== Work request ==
The answer must be an exact copy of the lines from the one with "22mm Woven Textured" through the final line below, with no pictures and nothing else.

==== Data

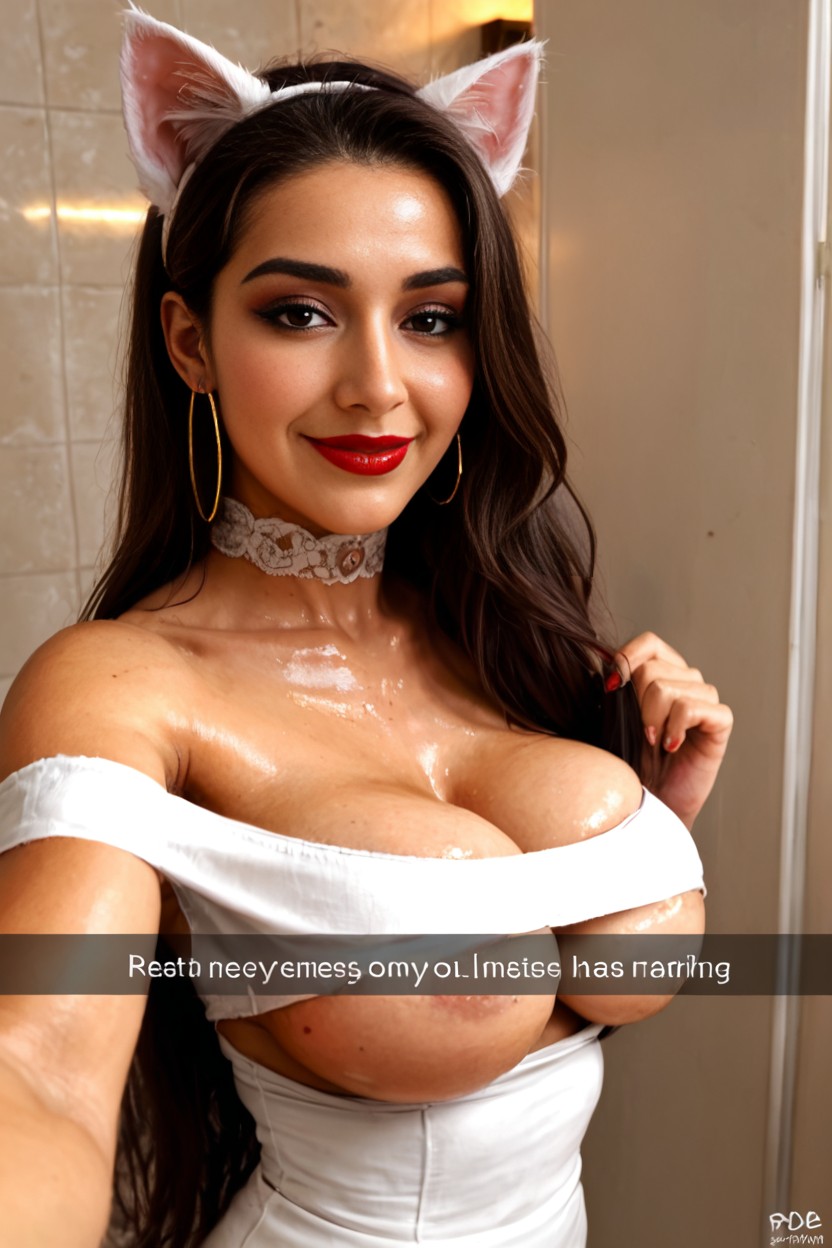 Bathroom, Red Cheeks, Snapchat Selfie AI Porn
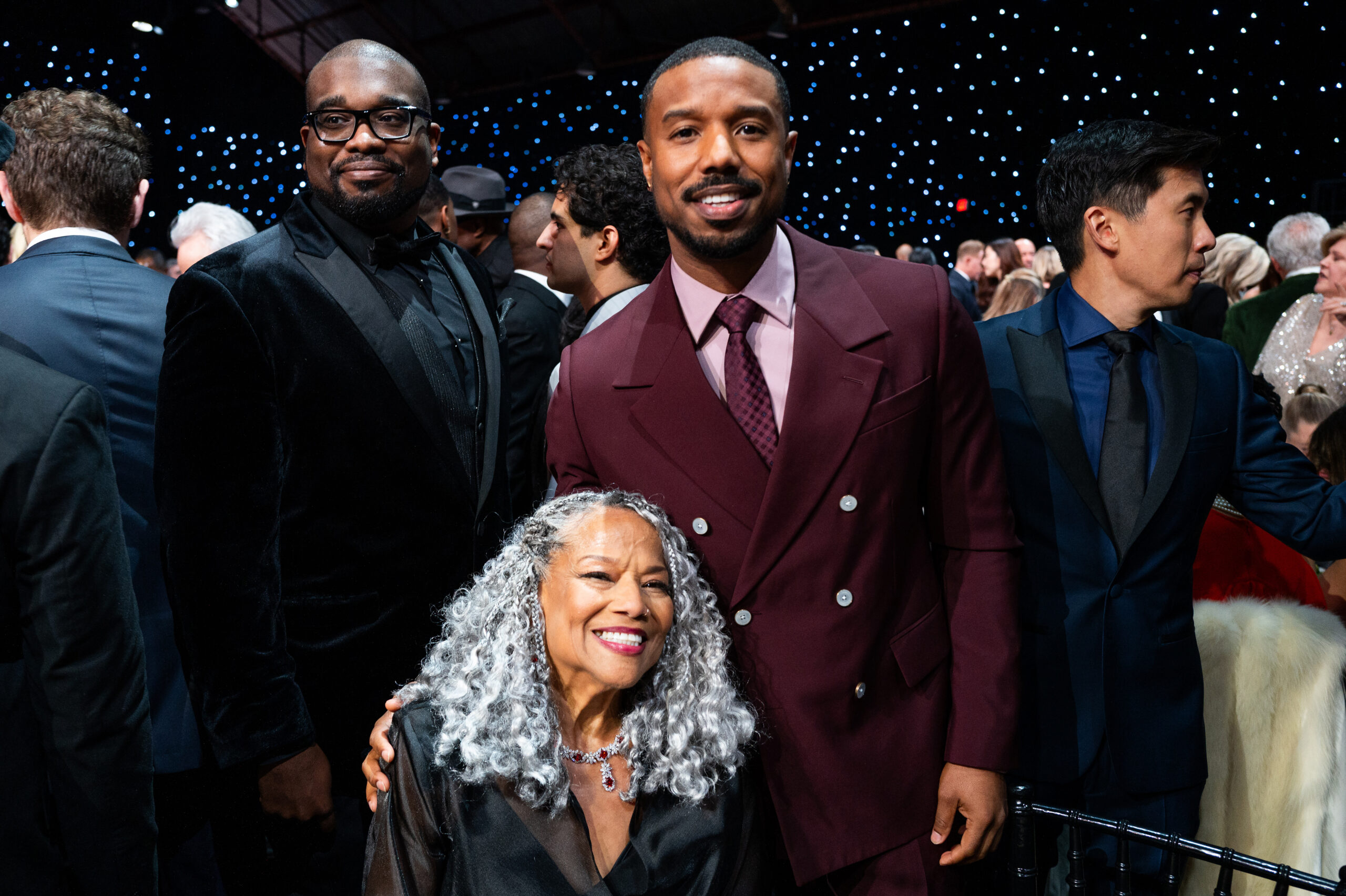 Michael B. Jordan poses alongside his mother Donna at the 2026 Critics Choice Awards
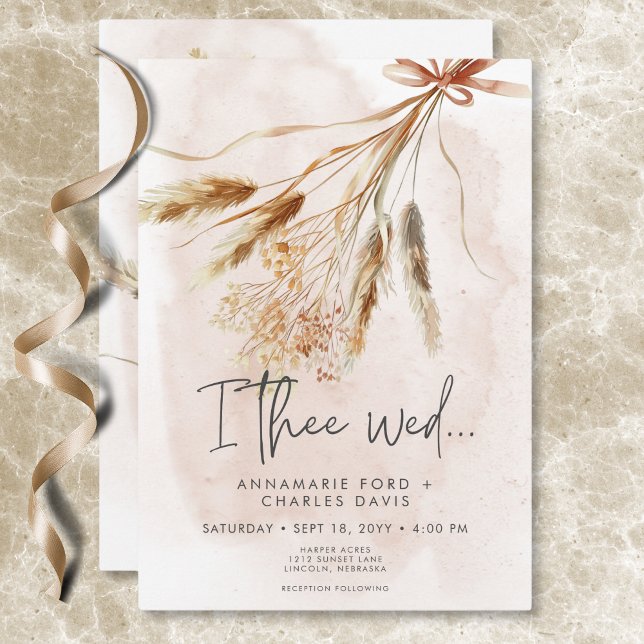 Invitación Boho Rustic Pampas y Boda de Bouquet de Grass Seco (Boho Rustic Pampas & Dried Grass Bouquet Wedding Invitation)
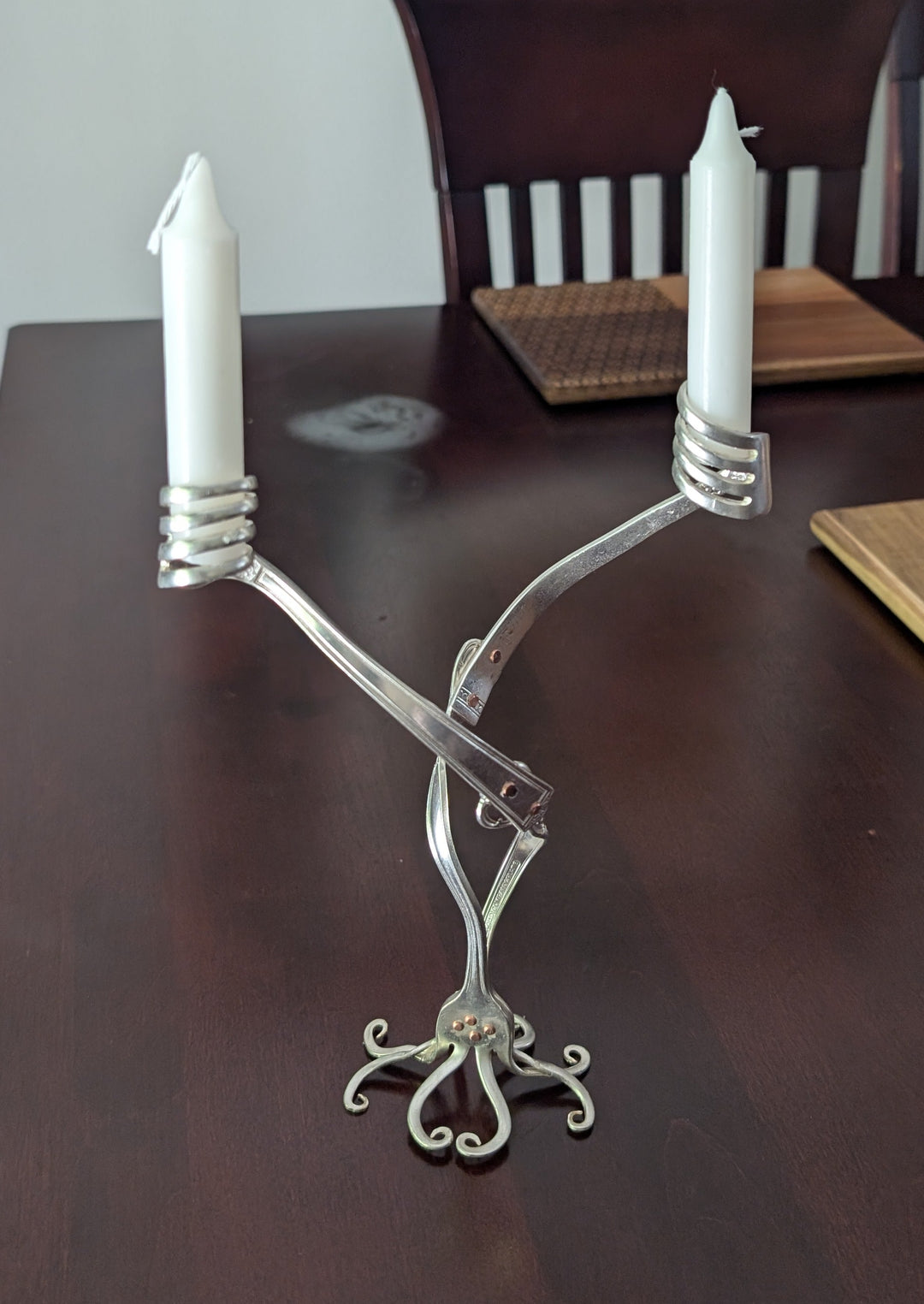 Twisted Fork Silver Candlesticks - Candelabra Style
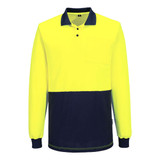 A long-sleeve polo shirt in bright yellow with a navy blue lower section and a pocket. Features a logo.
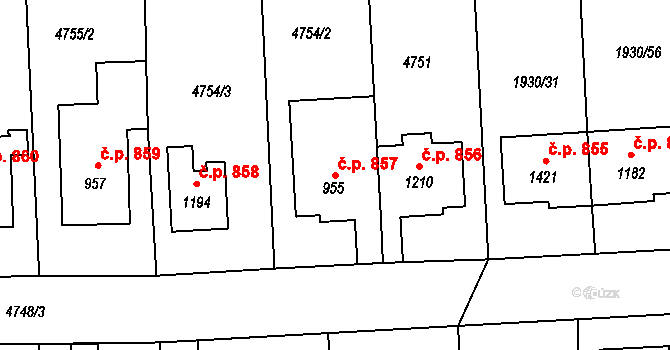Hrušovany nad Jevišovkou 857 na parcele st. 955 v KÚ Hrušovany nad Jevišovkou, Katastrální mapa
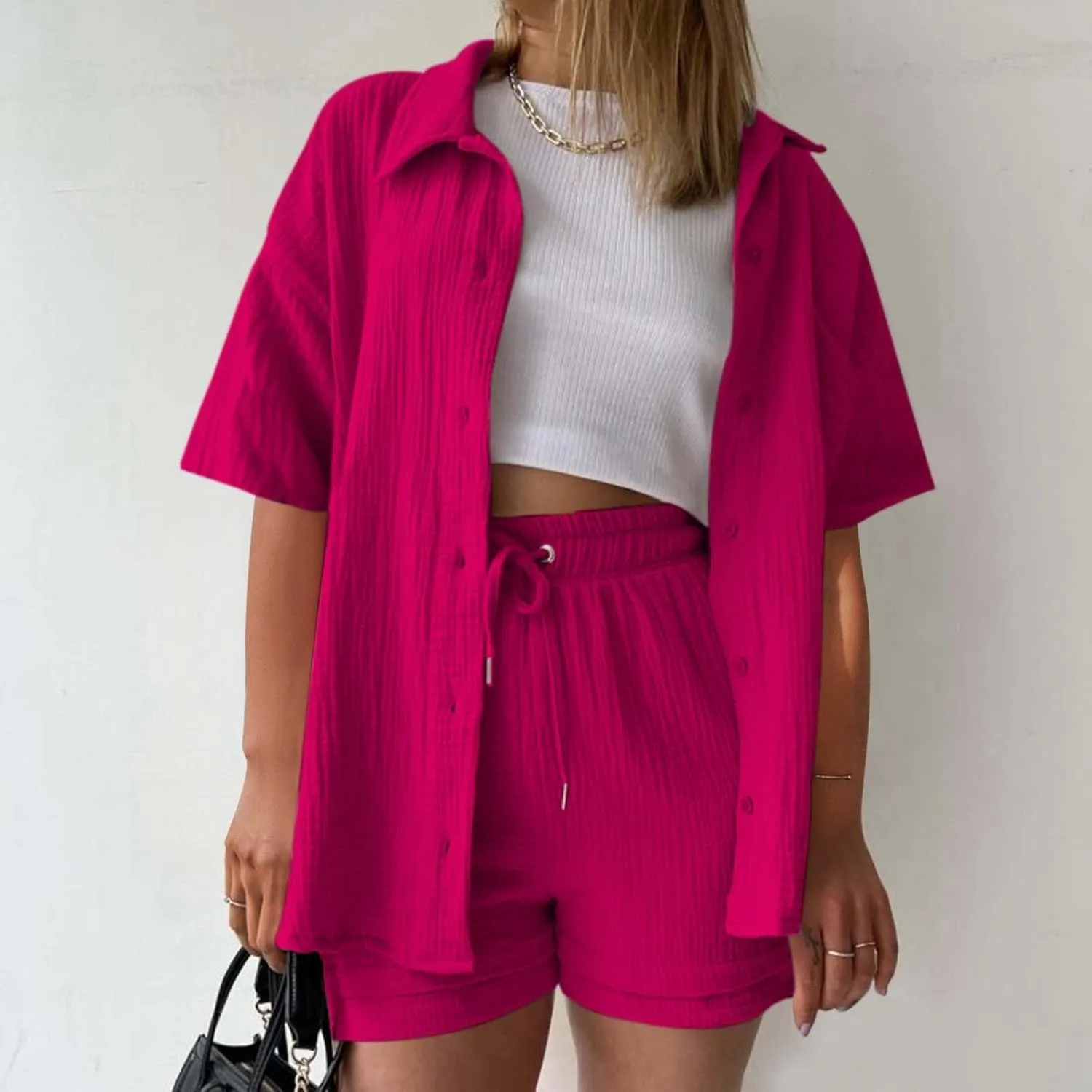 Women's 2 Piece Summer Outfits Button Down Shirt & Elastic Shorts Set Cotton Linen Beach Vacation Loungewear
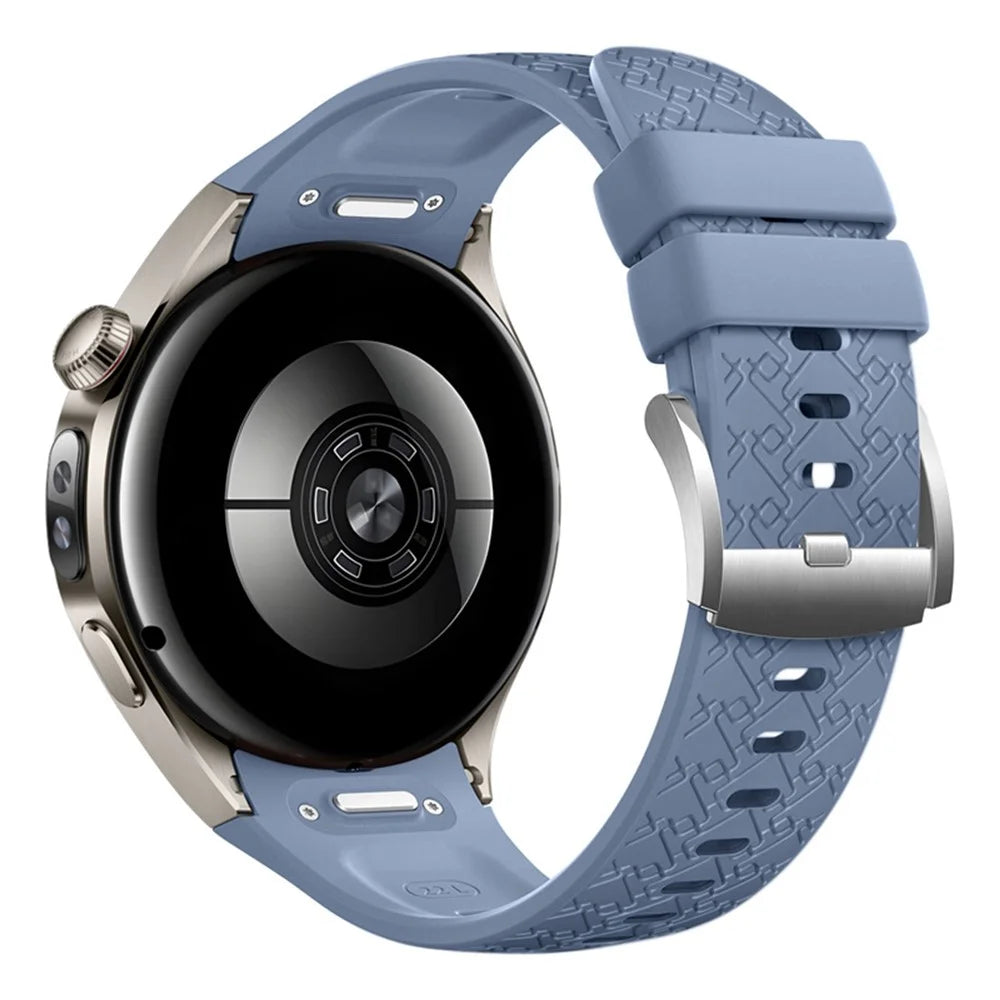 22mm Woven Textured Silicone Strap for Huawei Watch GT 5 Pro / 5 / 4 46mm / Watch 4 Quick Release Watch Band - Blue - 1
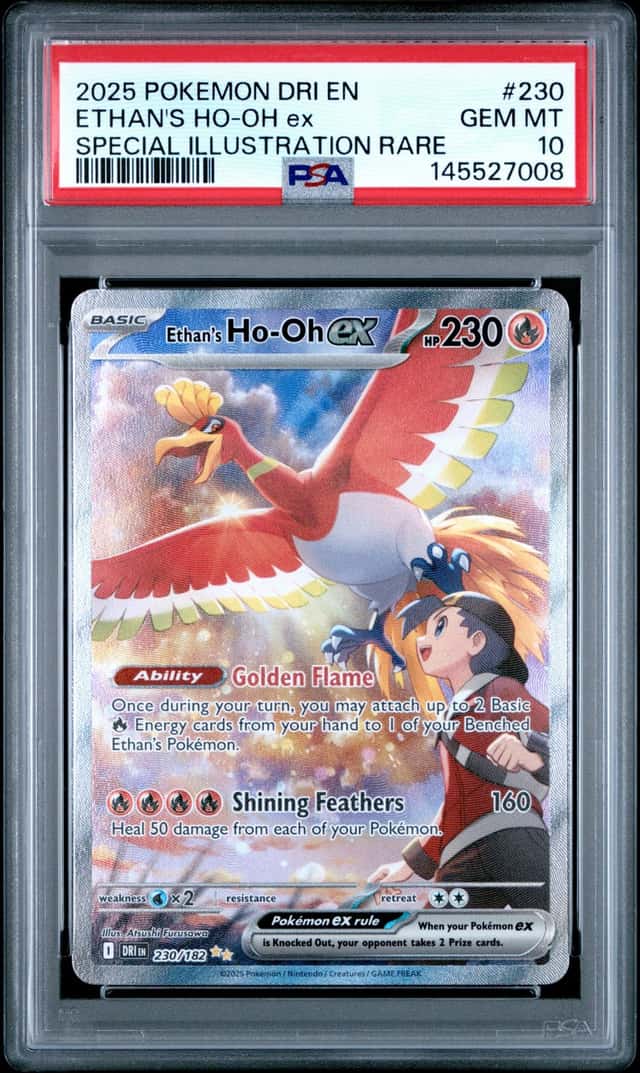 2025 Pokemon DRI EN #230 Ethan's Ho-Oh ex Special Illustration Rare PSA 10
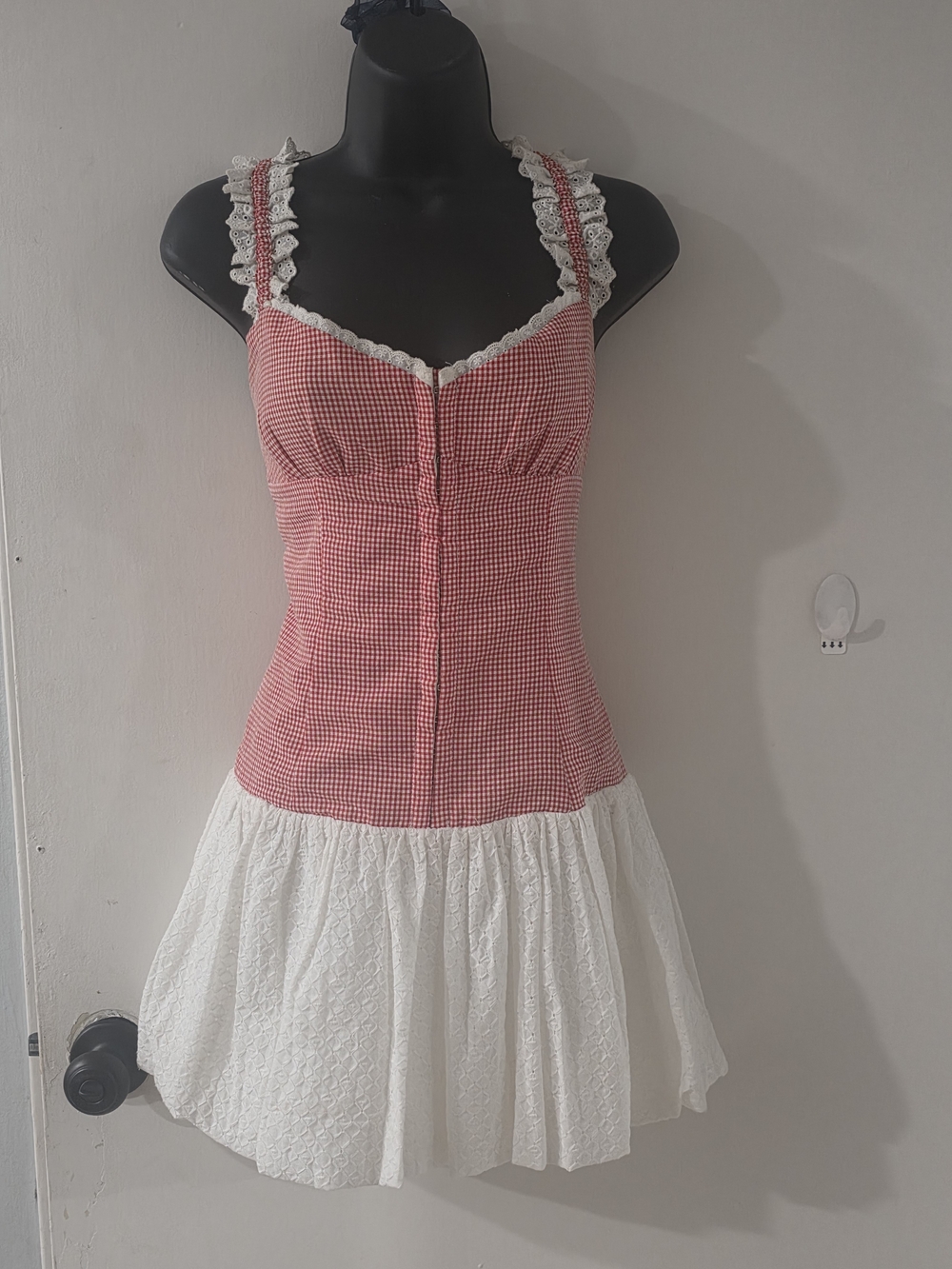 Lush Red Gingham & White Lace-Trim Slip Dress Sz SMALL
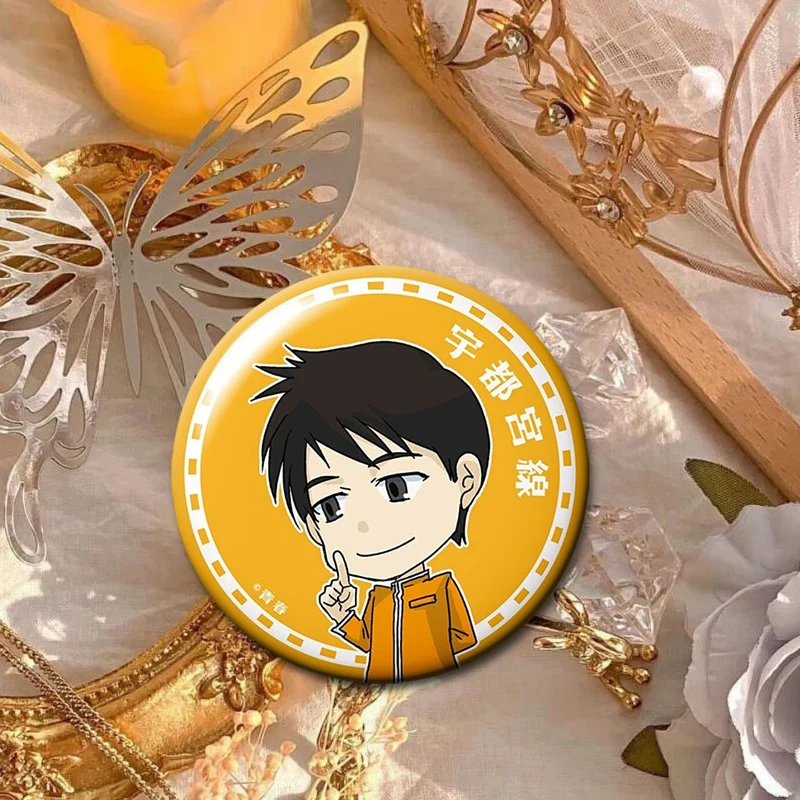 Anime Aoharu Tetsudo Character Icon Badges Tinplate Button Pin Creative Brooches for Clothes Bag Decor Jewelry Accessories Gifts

========

== Reply to the exercise ==
 22mm Woven Textured Silicone Strap for Huawei Watch GT 5 Pro / 5 / 4 46mm / Watch 4 Quick Release Watch Band - Blue - 1
 2025 Pokemon DRI EN #230 Ethan's Ho-Oh ex Special Illustration Rare PSA 10
 Lush Red Gingham & White Lace-Trim Slip Dress Sz SMALL
 Anime Aoharu Tetsudo Character Icon Badges Tinplate Button Pin Creative Brooches for Clothes Bag Decor Jewelry Accessories Gifts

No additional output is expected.